My problem is I am training my FeedForward NN to predict how long it takes to train from one to another station. It has two hidden layers (128 and 64) and using TANH. First what doesnt make sense for me is why my model predict better on validating dataset. And at one point, loss starts oscillating.
I chcecked my data and they are different, no duplicates. Maybe it is because data are very similar like, same routes, same train types and thats the reason for this bahavior?
I am USING DL4J. And validation dataset is 10% of training set. And my dataset contains more than 130 000 rows (for this particular example). Edit: Here are values I am plotting.
for (int i = 0; i < nEpochs; i++) {
trainingSetIterator.reset();
model.fit(trainingSetIterator);
System.out.println(i + ": " + model.evaluateRegression(validationIterator).averagerootMeanSquaredError() + " || "
+ model.evaluateRegression(trainingSetIterator).averagerootMeanSquaredError());
validationValues[i] = model.evaluateRegression(validationIterator).averagerootMeanSquaredError();
trainValues[i] = model.evaluateRegression(trainingSetIterator).averagerootMeanSquaredError();
}
PlotRMSE plot = new PlotRMSE(trainValues, validationValues);
And here is my Config for neural net:
MultiLayerConfiguration conf = new NeuralNetConfiguration.Builder()
.seed(seed)
.optimizationAlgo(OptimizationAlgorithm.STOCHASTIC_GRADIENT_DESCENT)//pridane
.weightInit(WeightInit.XAVIER)
.dropOut(0.6)
.updater(new Adam(learningRate))
.list()
.layer(new DenseLayer.Builder().nIn(numInputs).nOut(numHiddenNodes1)

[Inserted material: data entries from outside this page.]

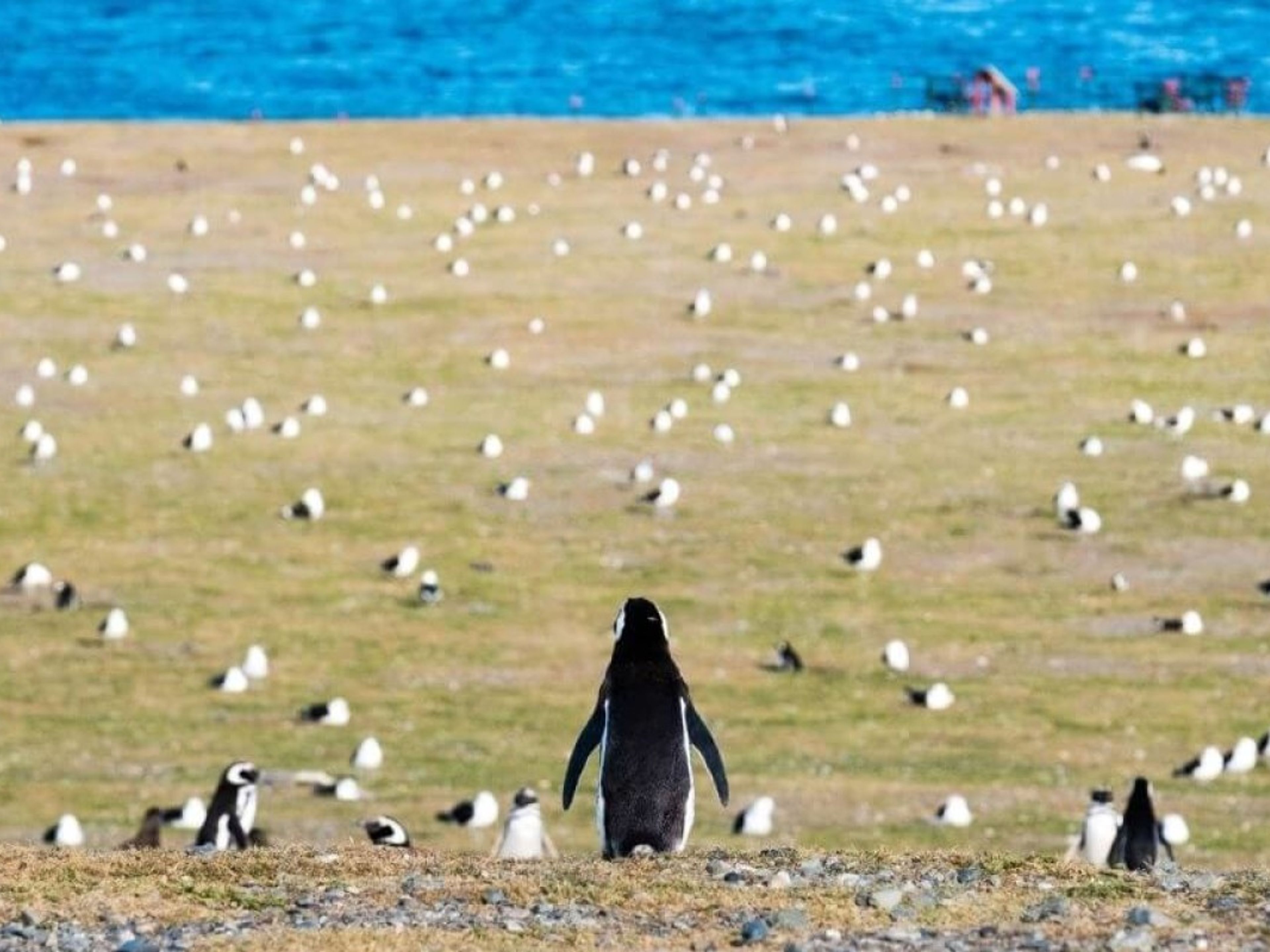 TOUR “COLÔNIA DE PINGUIM NA ILHA DE MADALENA”.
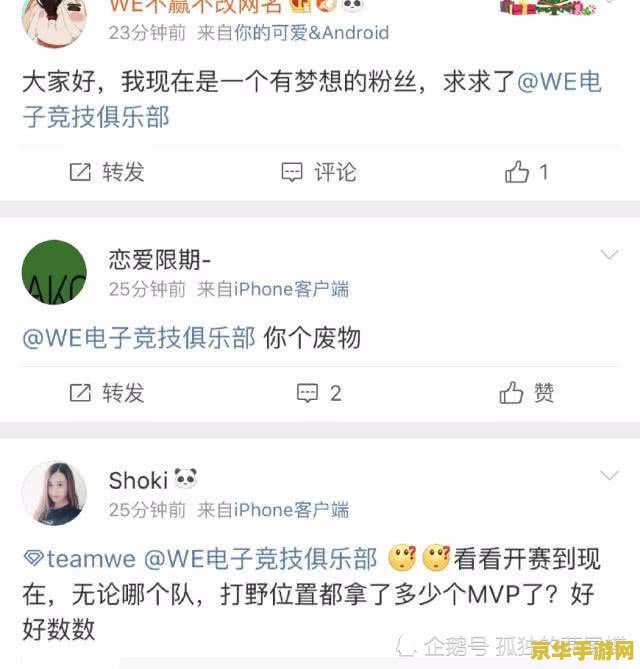 英雄联盟we头像由来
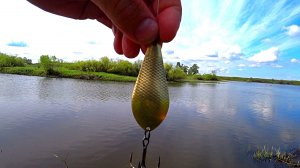 Железо РУЛИТ ! Рыбалка на спиннинг с берега! Спиннинг 2022!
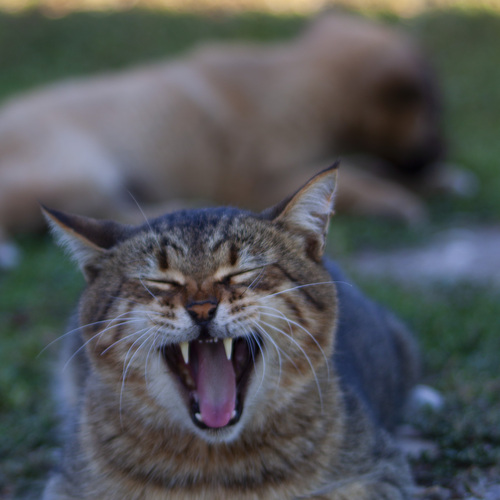 Photo #14032242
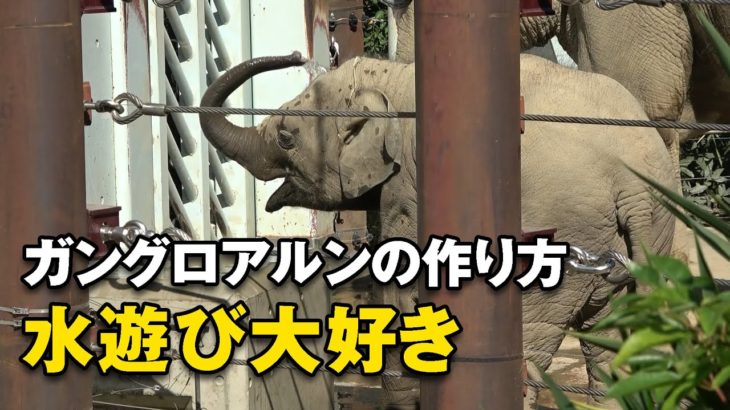 水遊びでガングロメイクする仔象のアルン＾＾ （上野動物園 2021/10/8）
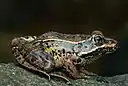 Lithobates neovolcanicus
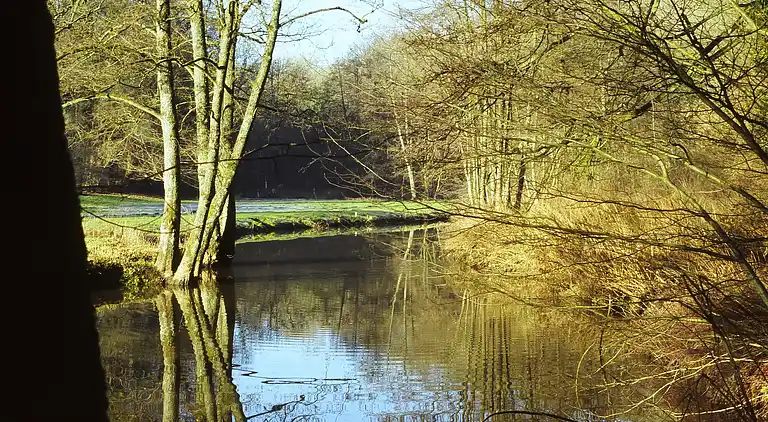 Herregård i Momignies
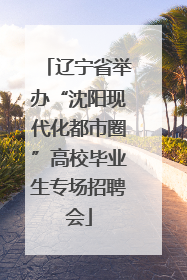 辽宁省举办“沈阳现代化都市圈”高校毕业生专场招聘会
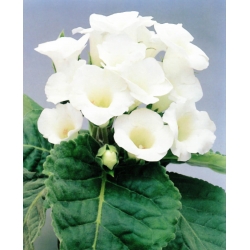 Gloxinia brasileña de flores blancas de Mont Blanc - ¡paquete grande! - 10 piezas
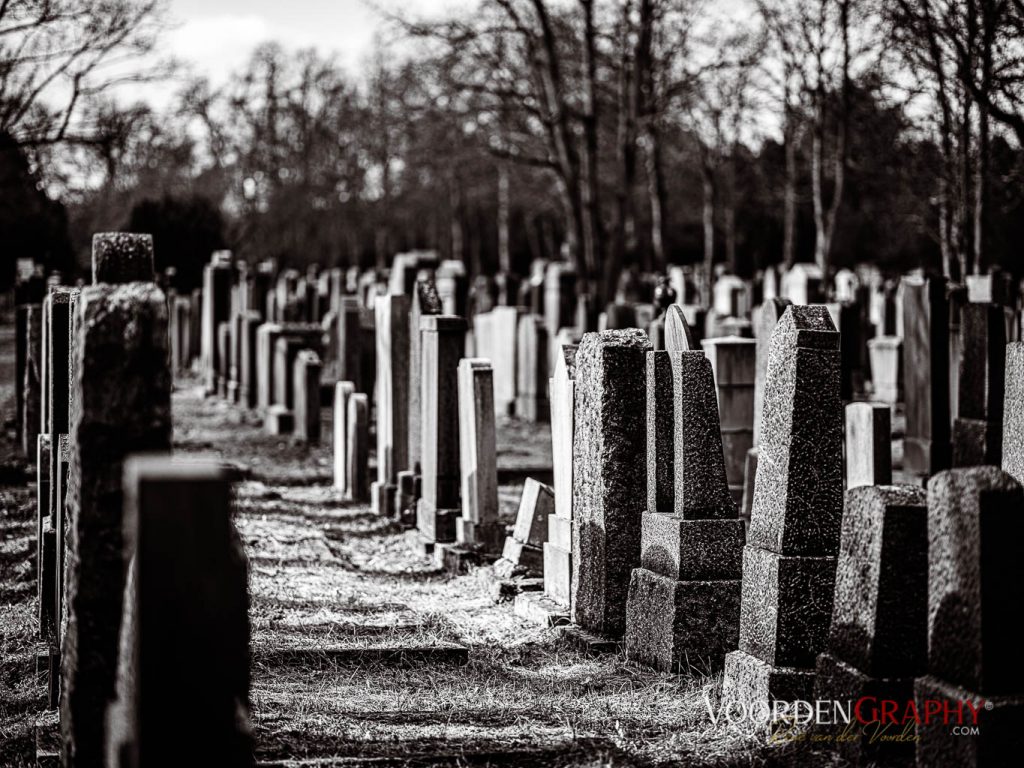 Hauptfriedhof / Jüdischer Friedhof Mannheim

.activation(Activation.TANH).build())
.layer(new DenseLayer.Builder().nIn(numHiddenNodes1).nOut(numHiddenNodes2)
.activation(Activation.TANH).build())
.layer(new DenseLayer.Builder().nIn(numHiddenNodes2).nOut(numHiddenNodes2)
.activation(Activation.TANH).build())
.layer(new OutputLayer.Builder(LossFunctions.LossFunction.MSE)
.activation(Activation.IDENTITY)
.nIn(numHiddenNodes2).nOut(numOutputs).build()).backpropType(BackpropType.Standard)
.build();